[About this task] Nothing but an exact repetition of the entries should appear in the answer.

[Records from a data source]
____
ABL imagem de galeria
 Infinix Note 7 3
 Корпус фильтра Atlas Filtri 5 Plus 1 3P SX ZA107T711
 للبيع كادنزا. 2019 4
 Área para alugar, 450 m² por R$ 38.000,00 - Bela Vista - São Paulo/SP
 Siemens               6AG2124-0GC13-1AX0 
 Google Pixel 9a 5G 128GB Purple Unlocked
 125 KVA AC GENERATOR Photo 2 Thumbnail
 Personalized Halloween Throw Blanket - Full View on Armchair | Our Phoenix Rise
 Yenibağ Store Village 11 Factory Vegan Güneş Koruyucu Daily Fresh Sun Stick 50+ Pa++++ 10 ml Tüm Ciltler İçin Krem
____
[Expected answer]
ABL imagem de galeria
 Infinix Note 7 3
 Корпус фильтра Atlas Filtri 5 Plus 1 3P SX ZA107T711
 للبيع كادنزا. 2019 4
 Área para alugar, 450 m² por R$ 38.000,00 - Bela Vista - São Paulo/SP
 Siemens               6AG2124-0GC13-1AX0 
 Google Pixel 9a 5G 128GB Purple Unlocked
 125 KVA AC GENERATOR Photo 2 Thumbnail
 Personalized Halloween Throw Blanket - Full View on Armchair | Our Phoenix Rise
 Yenibağ Store Village 11 Factory Vegan Güneş Koruyucu Daily Fresh Sun Stick 50+ Pa++++ 10 ml Tüm Ciltler İçin Krem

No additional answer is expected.